Dans le Sud profond, dans les années 1930, cette demande d'indemnisation, présentée par une pauvre femme noire, ancienne esclave, avait peu de chances d'être entendue et sa requête a été rejetée.

Mais une idée aussi provocante, la réparation de l'esclavage, a attiré l'attention de la presse locale et les interviews ont permis de compléter certains détails de sa vie.

À sa mort, alors que l'histoire encore crue de l'esclavage restait un sujet difficile et dangereux, il n'y avait pas de nécrologie - et pas de reconnaissance.

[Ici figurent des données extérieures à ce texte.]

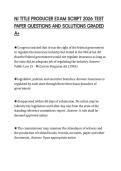 NJ&lowbar;TITLE&lowbar;PRODUCER&lowbar;EXAM&lowbar;SCRIPT&lowbar;2026&lowbar;TEST&lowbar;PAPER&lowbar;QUESTIONS&lowbar;AND&lowbar;SOLUTIONS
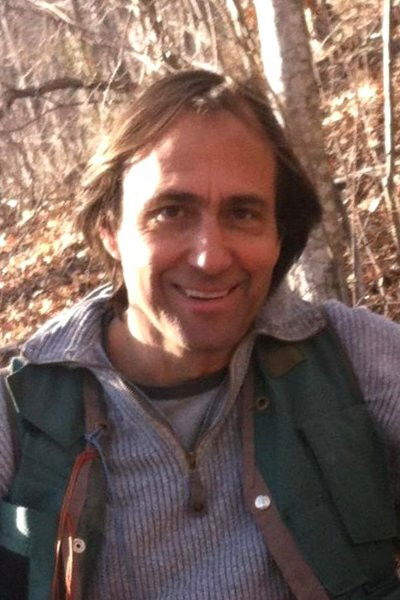 et billede af John Rutland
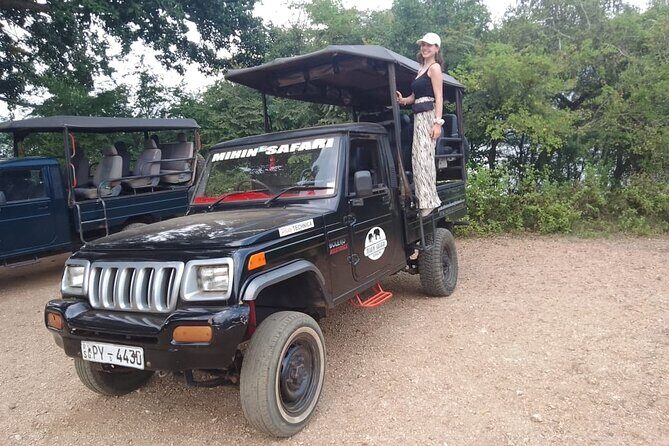 Udawalawe National Park Safari | From Hambantota Port - Starting the Day: Convenient Pickup and Drive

"Il y avait beaucoup de stigmatisation liée au fait d'avoir été esclave", dit Dr Durkin.

"La honte était placée sur les personnes qui étaient esclaves, plutôt que sur les esclavagistes."

"Je suis né dans la même maison où elle est morte", a déclaré son petit-fils, M. Crear.

Et même si sa famille savait que Matilda était originaire d'Afrique, on ne parlait pas beaucoup de sa vie.

"Cela comble une grande partie des lacunes que nous avons à son sujet", dit-il à propos des recherches du Dr Durkin.

Mais la cruauté dont Matilda a fait l'objet ne le surprend pas.

"Depuis le jour où le premier Africain a été amené sur ce continent en tant qu'esclave, nous avons dû nous battre pour la liberté", dit-il.

Il a grandi à une époque de ségrégation raciale - et ses parents ont accordé une grande importance à l'éducation comme moyen d'échapper à la pauvreté et comme "clé pour changer le monde".

Mais le manque de connaissances sur sa grand-mère reflète à quel point l'histoire de l'esclavage est encore enfouie sous la surface.

"Je ne suis pas surpris qu'elle ait été si rebelle", déclare M. Crear.

Lors des manifestations en faveur des droits civils, ils chantaient des chansons ayant leurs racines dans les années d'esclavage, dit-il, en tirant parti de la même "lutte et du même combat continus" et en poursuivant les mêmes objectifs de "liberté et d'égalité réelles" que sa grand-mère à l'esprit indépendant.

"C'est rafraîchissant de savoir qu'elle avait un esprit aussi stimulant", dit-il.

Mais il est encore difficile d'imaginer comment le côté glamour d'Hollywood des années 1940 a pu peindre une autre réalité de la vie des femmes et des enfants amenés d'Afrique par les chaînes.